Its a diabolically poor law, ripe for misuse, near impossible to implement technically. Just what you expect from a bunch of clueless politicians.

Content sharing sites such as this forum will be directly liable en masse for any errors in rights management committed by their users. It also makes linking to content something you have to pay the site you are linking to for.

Link to a news story? Violation! Copy the first sentence from the article? Double Violation!

The only defence allowed is the implementation of an automated content take down service to allow rights holders to register, submit their content claims and remove any work they deem infringes their copyright. If the system takes longer than 1 hour from notice to removal, you are operating illegally. There is no right of dispute, no claim of fair use, satire, parody, no burden of proof.

Nobody running a small website like this can even attempt to build such a system - Youtube's ContentID system cost them $60 millon to set up.

To remain compliant, you'd have to shift to Reddit or another big platform. No choice to stay legal.

Then sit back and watch as, say, Boeing assert copyright on all images of Boeing aircraft, and you find the photo you took of a Boeing plane at the airport gets removed. That photo of a model you took and uploaded to Wikimedia as public domain is taken by one of the big picture libraries, then asserted as theirs, and now you can't post it anywhere because the automated content systems remove it.

This already happens to artists of all kinds in small numbers.
What's funny about that is it will have the exact opposite affect they are hoping for. It won't make people go to the original sites, it will just make people angry and they will avoid those sites even more.

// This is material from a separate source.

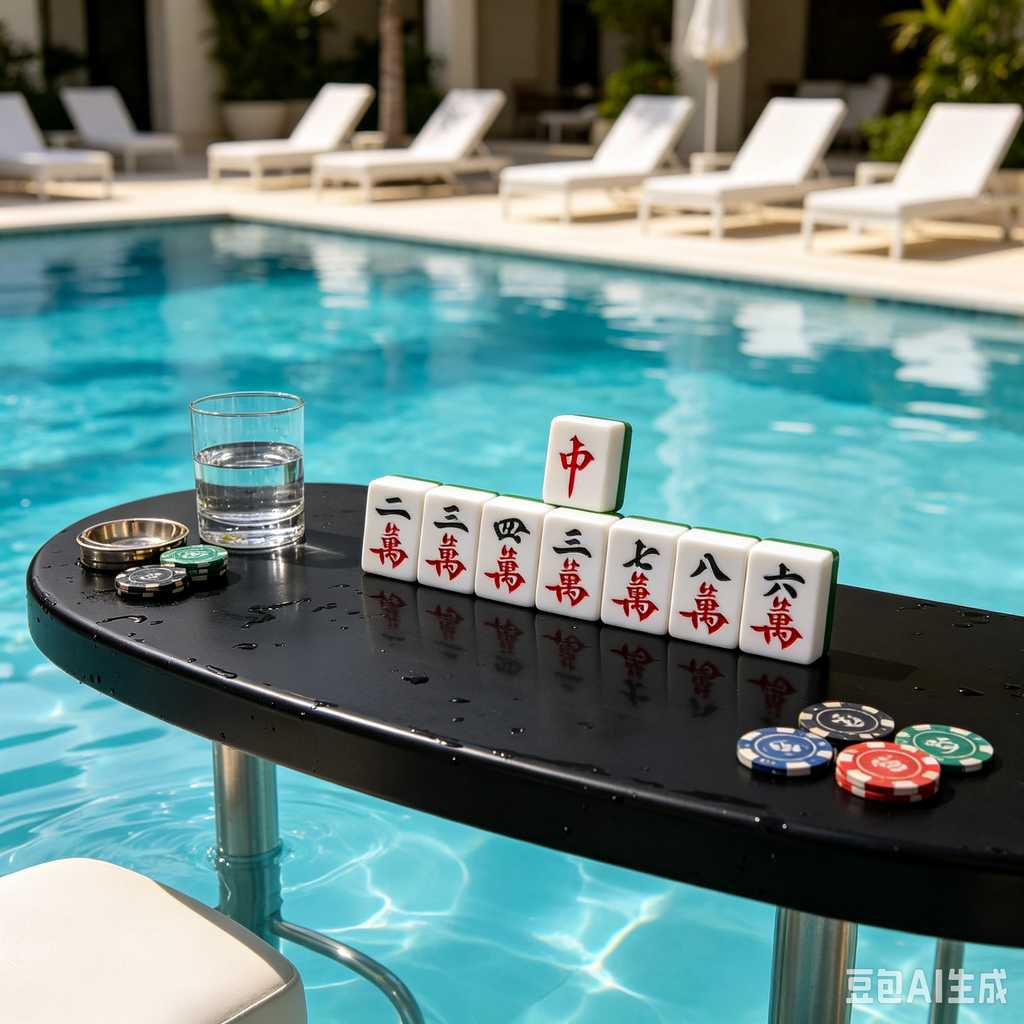 hand carved mahjong tiles
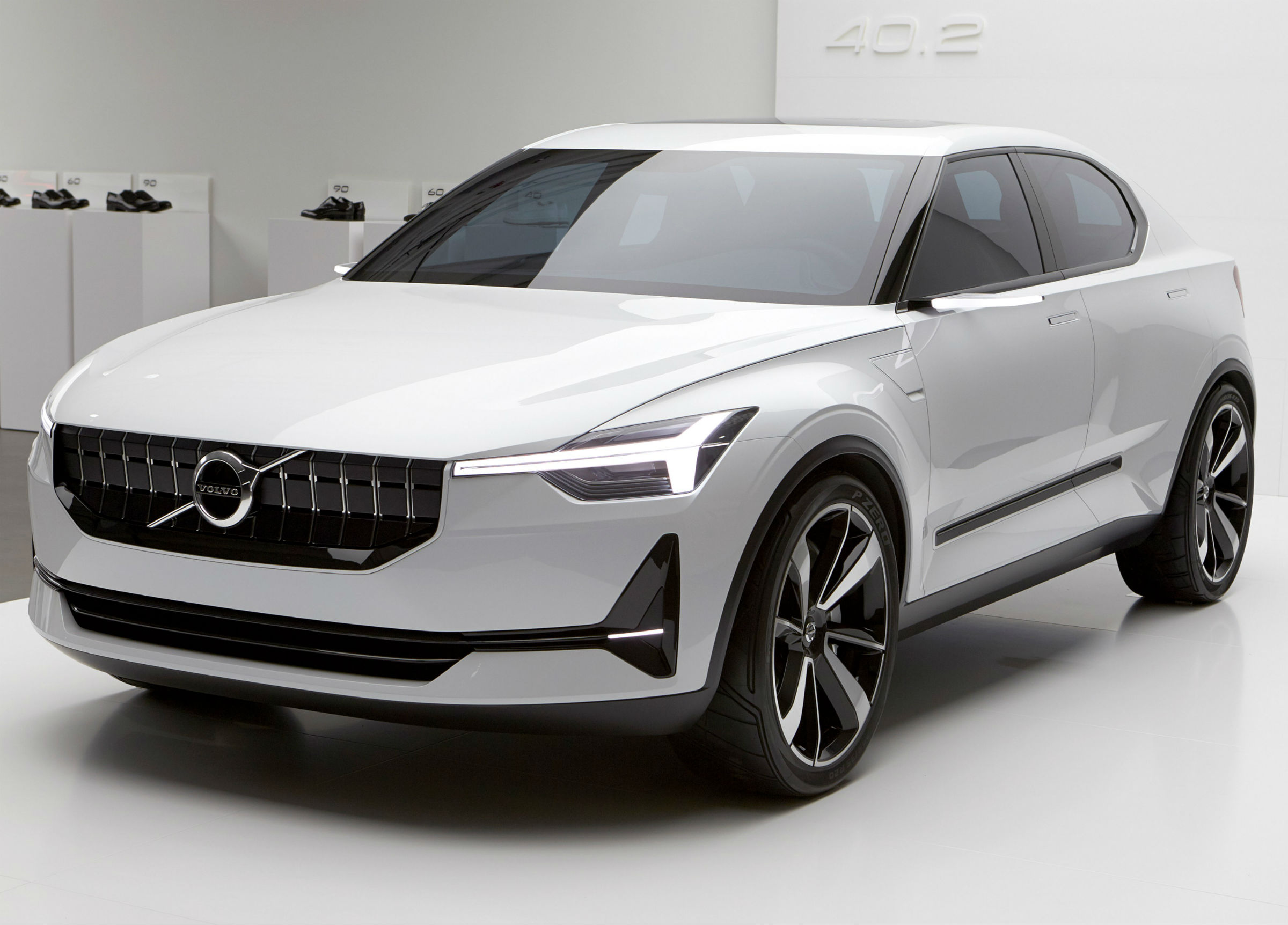Polestar 2 Volvo Concept 40.2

Hell, some sites that used to be free, when I go to read stories linked to the site, and they say you have to be subscribed to read the story, I just leave. They're just accelerating their own irrelevance. Also, you'll see much of that stuff being "off shored" to servers in countries that don't a give a crap about any of that you'll be able to see what you want. The same way those same politicians hide their money from taxes.
 
Control what information people can access, control those people.

Rather like know what information someone has and what they are communicating and you are effectively seeing the world through their eyes.

The logic of the Internet, is it's distribution. The lack of a pre-microcomputer era 'central computer', around which clustered the 'priesthood' who controlled access, what ran on it and what outputs to share.

The problem for the modern Internet is the political and corporate power the likes of Google have. Which favours server farms and effectively centralisation of facilities. Along with what is effectively a Silicon Valley Cartel.
 
Also, you'll see much of that stuff being "off shored" to servers in countries that don't a give a crap about any of that you'll be able to see what you want. The same way those same politicians hide their money from taxes.
Ahh yes, the old, "We the politicians are well aware that nobody else on the planet is as smart at thinking things through as we are."
 
 
Australia has picked a fight with the world’s largest video platform by backtracking on an earlier promise to exclude YouTube in its social media ban for children under 16.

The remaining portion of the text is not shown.